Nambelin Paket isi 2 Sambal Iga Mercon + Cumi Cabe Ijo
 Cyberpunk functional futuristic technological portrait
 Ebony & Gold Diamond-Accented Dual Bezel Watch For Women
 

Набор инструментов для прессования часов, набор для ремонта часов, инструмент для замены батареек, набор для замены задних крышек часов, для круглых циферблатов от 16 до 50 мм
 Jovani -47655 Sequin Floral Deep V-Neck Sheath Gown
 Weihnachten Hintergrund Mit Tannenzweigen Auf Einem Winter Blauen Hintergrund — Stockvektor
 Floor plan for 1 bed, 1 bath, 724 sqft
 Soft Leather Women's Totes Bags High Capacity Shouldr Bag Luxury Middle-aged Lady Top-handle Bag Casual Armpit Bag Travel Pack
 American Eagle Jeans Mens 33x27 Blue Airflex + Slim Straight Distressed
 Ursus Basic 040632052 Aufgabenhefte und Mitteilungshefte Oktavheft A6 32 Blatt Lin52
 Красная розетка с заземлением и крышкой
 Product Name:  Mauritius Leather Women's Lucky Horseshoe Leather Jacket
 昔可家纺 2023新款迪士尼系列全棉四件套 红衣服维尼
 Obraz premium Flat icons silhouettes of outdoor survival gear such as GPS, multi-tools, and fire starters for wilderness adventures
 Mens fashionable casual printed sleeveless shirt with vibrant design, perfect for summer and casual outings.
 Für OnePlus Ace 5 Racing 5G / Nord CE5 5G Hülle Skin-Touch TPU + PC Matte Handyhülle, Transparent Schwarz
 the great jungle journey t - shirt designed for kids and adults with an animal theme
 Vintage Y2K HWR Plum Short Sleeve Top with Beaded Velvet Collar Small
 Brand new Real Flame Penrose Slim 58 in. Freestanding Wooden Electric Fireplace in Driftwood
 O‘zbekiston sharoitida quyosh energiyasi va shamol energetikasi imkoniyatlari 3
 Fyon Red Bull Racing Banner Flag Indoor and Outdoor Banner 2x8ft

━━━━━━━━━━━━━━━━

* What the task requires: Beginning with the first line of the listing above, print each line exactly until you have printed the line that contains "Floor plan for 1 bed, 1 bath, 724 sqft".

* Answer for the task:
Nambelin Paket isi 2 Sambal Iga Mercon + Cumi Cabe Ijo
 Cyberpunk functional futuristic technological portrait
 Ebony & Gold Diamond-Accented Dual Bezel Watch For Women
 

Набор инструментов для прессования часов, набор для ремонта часов, инструмент для замены батареек, набор для замены задних крышек часов, для круглых циферблатов от 16 до 50 мм
 Jovani -47655 Sequin Floral Deep V-Neck Sheath Gown
 Weihnachten Hintergrund Mit Tannenzweigen Auf Einem Winter Blauen Hintergrund — Stockvektor
 Floor plan for 1 bed, 1 bath, 724 sqft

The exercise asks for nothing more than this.